Fit a linear regression model with an interaction term between a categorical and numerical independent variable. In the formula API, the *C()* function can be used to indicate that a numerical variable should be treated as categorical.

In [None]:
mod_05 = smf.ols(formula='SalePrice ~ GrLivArea * C(OverallQual)', data=data_train)
mod_05 = mod_05.fit()
print(mod_05.summary2())

#### Log-transformation of the DV

Fit a linear regression model with a logarithmic transformation of the dependent variable.

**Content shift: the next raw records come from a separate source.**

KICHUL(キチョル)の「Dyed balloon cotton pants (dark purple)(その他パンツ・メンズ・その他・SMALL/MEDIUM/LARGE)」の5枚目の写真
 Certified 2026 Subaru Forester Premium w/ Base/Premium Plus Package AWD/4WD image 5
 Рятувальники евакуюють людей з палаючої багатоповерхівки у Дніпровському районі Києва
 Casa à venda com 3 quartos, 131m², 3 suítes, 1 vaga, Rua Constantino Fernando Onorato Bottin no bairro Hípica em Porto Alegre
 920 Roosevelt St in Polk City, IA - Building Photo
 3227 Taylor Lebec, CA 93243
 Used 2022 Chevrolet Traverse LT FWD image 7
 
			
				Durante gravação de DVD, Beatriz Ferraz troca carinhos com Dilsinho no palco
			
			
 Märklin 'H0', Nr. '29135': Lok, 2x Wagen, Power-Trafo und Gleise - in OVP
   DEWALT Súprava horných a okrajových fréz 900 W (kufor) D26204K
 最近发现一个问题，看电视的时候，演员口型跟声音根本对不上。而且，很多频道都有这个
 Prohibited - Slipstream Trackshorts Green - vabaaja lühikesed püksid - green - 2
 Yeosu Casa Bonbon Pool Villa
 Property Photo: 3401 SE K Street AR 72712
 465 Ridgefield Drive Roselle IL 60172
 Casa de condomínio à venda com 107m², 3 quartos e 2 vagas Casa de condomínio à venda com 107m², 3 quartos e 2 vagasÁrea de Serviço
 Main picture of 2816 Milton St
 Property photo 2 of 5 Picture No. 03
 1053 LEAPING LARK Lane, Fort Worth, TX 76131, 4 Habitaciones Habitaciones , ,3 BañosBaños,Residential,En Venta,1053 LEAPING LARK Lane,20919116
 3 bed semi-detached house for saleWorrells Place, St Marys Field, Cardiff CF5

With *np.log()* we can specify the transformation on the fly.


In [None]:
mod_07a = smf.ols(formula='np.log(SalePrice) ~ BedroomAbvGr', data=data_train)
mod_07a = mod_07a.fit()
print(mod_07a.summary())

For comparison, the same model without the log-transformation.

In [None]:
mod_07b = smf.ols(formula='SalePrice ~ BedroomAbvGr', data=data_train)
mod_07b = mod_07b.fit()
print(mod_07b.summary())

#### Polynomial transformation of the IVs

Fit a linear regression model with a second-order polynomial term (*GrLivArea*)

In [None]:
mod_08 = smf.ols(formula='SalePrice ~ GrLivArea + GrLivArea^2', data=data_train)
mod_08 = mod_08.fit()
print(mod_08.summary())

## Kaggle competition

Let us now use the trained models to make predictions on the test data and submit the results to the Kaggle competition.

### Load test set

In [None]:
data_test = pd.read_csv('data/test.csv')

In [None]:
data_test.head()

### Make predicitons

Use a trained model to make predictions for the test set.

In [None]:
# make predictions on test set
preds = mod_03.predict(data_test)

In [None]:
preds

### Create submission file

In [None]:
my_submission = pd.DataFrame({'HouseId': data_test["house_id"], 'SalePrice': preds})

In [None]:
my_submission.head()

In [None]:
my_submission.to_csv('submission.csv', index=False)